Un portrait de femme, celui de Katja qui après avoir perdu son fils et son mari dans un attentat à Hambourg, décidera et difficilement, de se venger.
Diane Kruger offre une performance abrupte de cette femme dévastée. Comment survivre à un tel drame. Entre haine et abandon, toutes ses émotions saisies par une caméra au plus près, ses longs moments d’absence, ses réflexions inabouties, d’allers-retours et d’immobilité, dans une situation ingérable pour nous signifier l’après, sont intenses et inquiétantes.
Ambiance dépressive et joutes verbales, pour un procés brossant une justice engluée dans ses protocoles laissant la porte ouverte à la vengeance potentielle, qui trace subtilement le malaise à se retrouver face à ses bourreaux.
Un final qui reste étonnant par le choix et par la simplicité de mise en œuvre, sans concession, certes convenu, mais perçu comme dérangeant.
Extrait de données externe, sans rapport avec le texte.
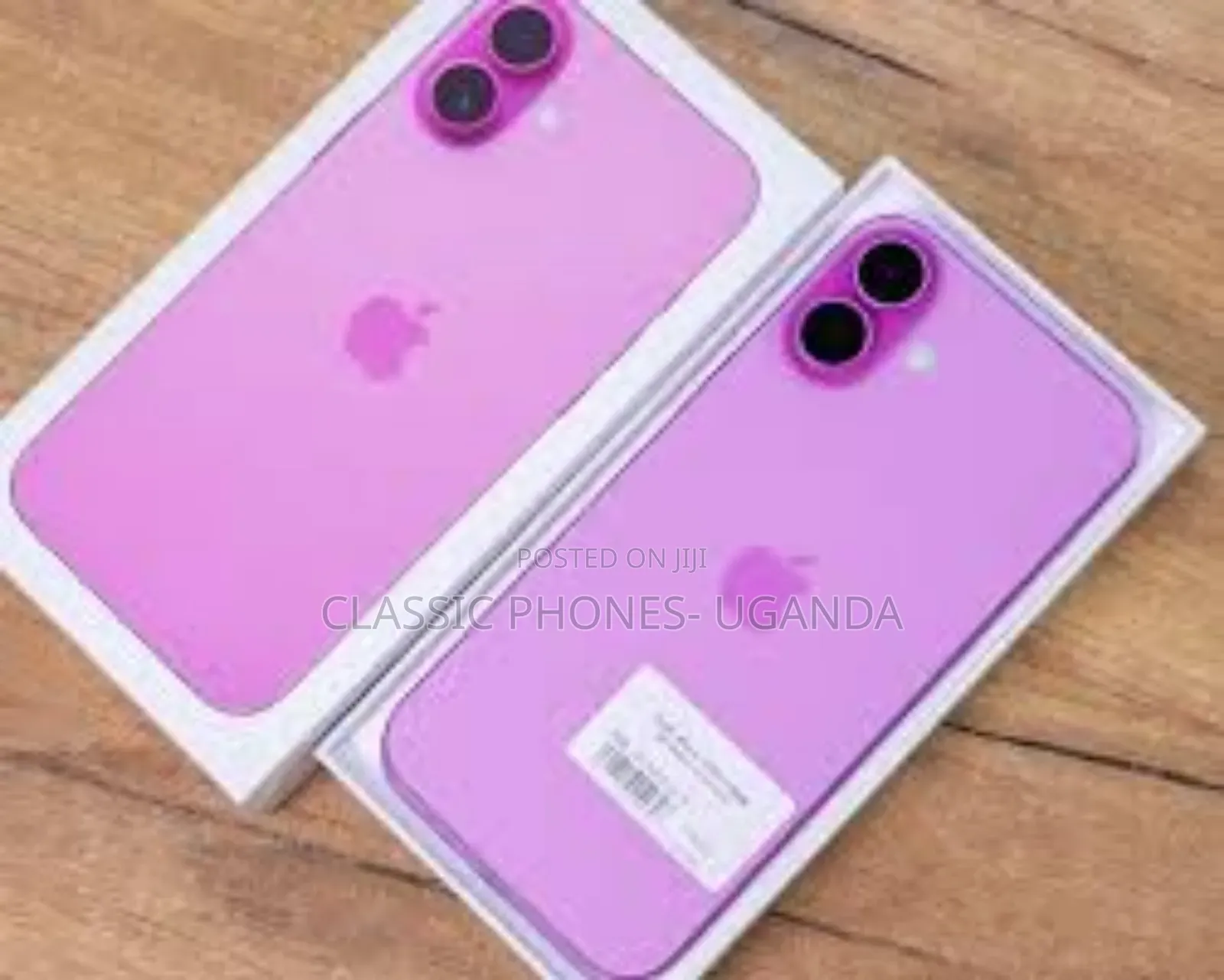 New Apple iPhone 16 128 GB Pink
Un acte violent et isolé, acte qui sera d’ailleurs on l’imagine, vite oublié, sans que la justice ne puisse y puiser matière à réflexion, transférant certainement la responsabilité entière à Katja, le rabaissant à un seul acte sans nuance.
Final peu apprécié parait-il.
Il s’inscrit pourtant dans le genre vengeance dont nous avons régulièrement droit en sorties cinéma.
Alors est-ce peut-être le fait que le réalisateur se serve des attentats commis par le NSU entre 2000/2006 qui nous ferait regarder ce film non comme divertissement mais comme un constat qui se devrait d’être plus réflexif ? D’interroger la justice ou la suite des événements, de ce que cet acte pourrait impliquer de politique par exemple ? De nous décrire les terroristes et leur adoration à Hitler ? de nous interroger sur l’existence aujourd’hui de tels gropuscules ?
Mais on le sait déjà, ces actes se répètent inlassablement dans l’indignation de certains mais aussi dans la plus grande indifférence et interrogent ici, sur les décisions extrêmes que l’on pourrait prendre si nous y étions confrontés. On peut alors regretter cette absence réflexive, notamment sur le contexte sociétal. Car la caractérisation de la famille par exemple, pointe le laisser-faire par l'égoïsme et les incompréhensions multiples, et confortera l’abîme de la solitude dans lequel Katja plonge inexorablement.
Ainsi, le dysfonctionnement de la police qui de prime abord pensera à un règlement de comptes entre dealers, pour le racisme ordinaire…
On suivra donc et seulement, le cheminement de Katja et celui-ci est particulièrement réussi. Aucune démonstration excessive dans son personnage. Aucune glorification de ses actes. Il est bien trop hasardeux de se permettre un jugement.
Une femme blanche et allemande pour lutter contre un groupuscule nazi, le cinéaste ne fait pourtant pas dans la provocation. C’est bien plus fin qu’il n’y paraît, en nous impliquant dans son propos de bien meilleure façon que si il avait choisi une actrice étrangère, qui aurait de fait, confortée la distance.
Fatih Akin opte par ce que l’on attend pas. Glaciale et sèche, la mise en scène est dense, efficace et révèle aussi de beaux instants plus calmes sur un ensemble alliant tension et émotion exacerbées. Une utilisation de sa caméra sans effet accessoire, appuie le malaise et certainement ce sentiment mitigé entre réussite et manque de finesse et de fluidité à lier les trois étapes du film. Mais son final n’est-il pas la seule réponse dramatique au constat de notre société.
Situation tristement banale, finalement.